All capital and major maintenance works were physically verified for the 2003 Auditor General’s report
The Kaieteur News carried two comments from the Auditor General which caught my eye and which require a clarification. The first relates to his reference to the 2003 Auditor General’s report (which I had prepared) that “there is hardly any physical inspection compared with mine.“ This is totally untrue in that all capital works as well as major maintenance works were physically verified. The difference was that if all was well, there was no mention in the report. The current Auditor General was part of that effort in his capacity as Assistant Auditor General, and I am surprised that he could have made such a statement.
There are two types of reporting: (a) full reporting of the results whether they reflect negative findings or not; and (b) exception reporting where only deficiencies and shortcomings are highlighted. Drawing from my experience working with the United Nations in Africa, I opted for exception reporting for 2003. The reason was simple: to avoid the reporting being too bulky and cumbersome to read, and to assist the reader to grasp the essentials of the report. This is standard practice and conforms to international best practices. In fact, the United Nations has word limits for all its reports.
Prior to 2003, all of my reports beginning from 1992 onwards were written in the full reporting format. This was deliberately done because we had just come out of an era of lack of accountability, and the public needed to know in a very detailed way how their funds were expended. But as time elapsed and accountability became a settled arrangement, the merits of full reporting had to be re-evaluated. The 2003 report was based on that re-evaluation as well as my international exposure.

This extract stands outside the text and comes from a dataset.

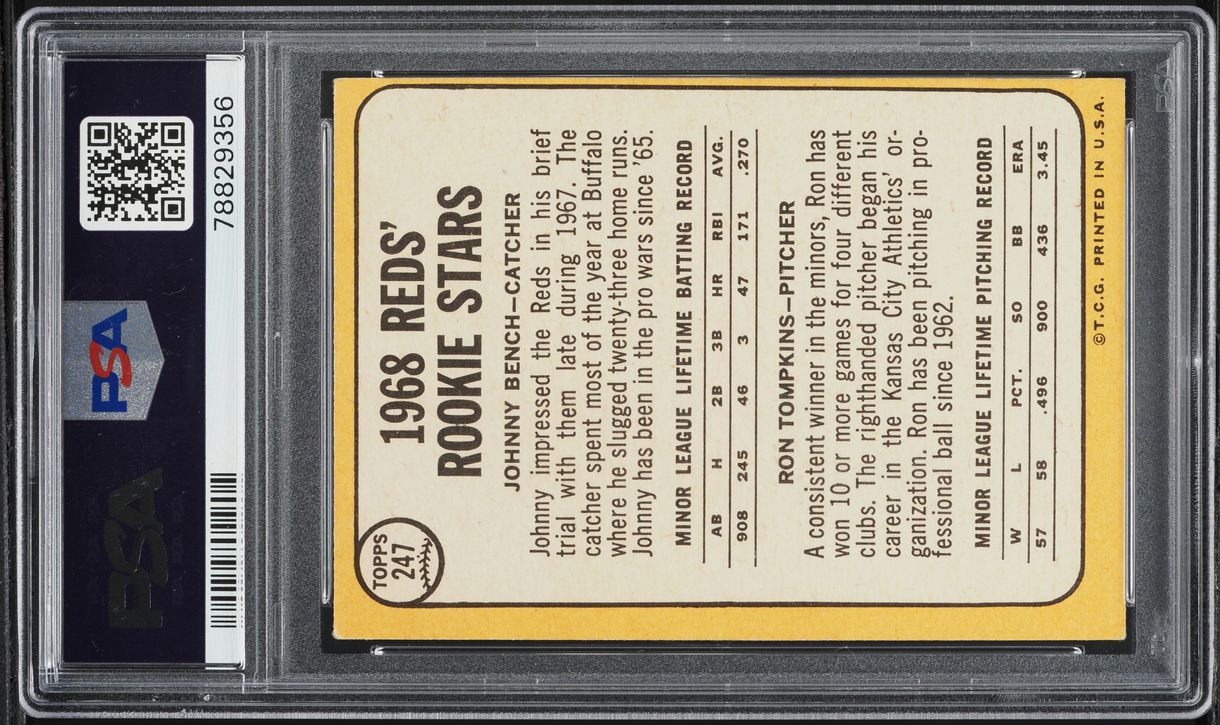 1968 Topps Johnny Bench ROOKIE #247 PSA 6 EXMT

The second comment by the Auditor General relates to his assertion that he was the only person that did VFM audits and that he had done two of them. A performance audit, sometimes referred to as VFM audit, is normally carried out by national audit offices. It is an attempt to ascertain to what extent the resources of an organisation are utilised in achieving stated objectives in an economical, efficient and effective manner (hence the value for money concept). Since 1992, the Audit Office has been conducting performance audits but an integrated approach was taken in reporting the results. Many of the comments contained in the Auditor General’s report from 1992 onwards were in the nature of performance audit findings. There was a legal restriction in that the Auditor General could have only reported separately on any matters incidental to his duties under the relevant legislation.

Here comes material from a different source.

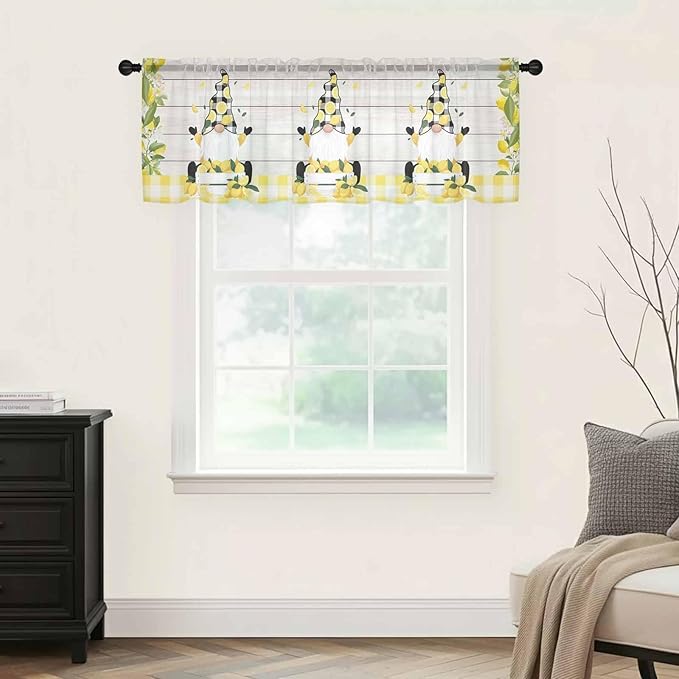 Lemon Dwarfs Sheer Valance Curtains, Gnome Green Leaf Wood Striped Black Plaid Light Filtering Kitchen Valances Rod Pocket Voile Curtain Window Treatment for Bedroom/Living Room/Basement 42Wx18L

Notwistanding this, during my tenure, several special reports were issued that reflected the results of performance audits. Two examples will suffice:
(a) The Essequibo Road Project where it was discovered that there was short-shipment of stone, inferior quality of stone, inflated prices and falsification of invoices, among others. This resulted in the World Bank cancelling the project; and
(b) The illegal exportation of dolphins and the disappearance of $50 million from the Wildlife Fund.
For a long time, I have been advocating for stand-alone, dedicated performance audit reports, and I am happy to have included in the draft Audit Act provision for this to be done. The draft Act became the Audit Act 2004.
However, I did not have the good fortune to implement many of the good aspects of the new Act because I demitted office at the time when it was about to be made operational. I went to the United Nations and advocated a similar approach, and at the time of leaving, I had prepared a draft report on the matter for consideration by the UN Board of Auditors before submission to the General Assembly.
It has been seven years since the Audit Act was passed with provision for undertaking performance audits and issuing stand-alone reports.
The Auditor General has so far issued only two such reports. Whether that reflects credit on his part, for the topics selected and for the quality and effectiveness of the reports, I will leave for the reader to judge for himself/herself.
Finally, I wish to state that I lectured to the Auditor General when he was reading for his accounting degree at UG. Upon completion of his degree, he was promoted to the position of Assistant Auditor General ahead of those who were senior to him but who did not have the requisite qualification for appointment to the post.
In 1998, he was sent to participate in a nine-month audit fellowship programme with the Canadian Audit Office. As his supervisor, I also imparted as much on-the-job training to him as possible. I might be critical of his work but it is all done in the best interest of the country. I am therefore taken aback by the two statements he has made above, trying to boost his own performance and in the process seeking to fault my work.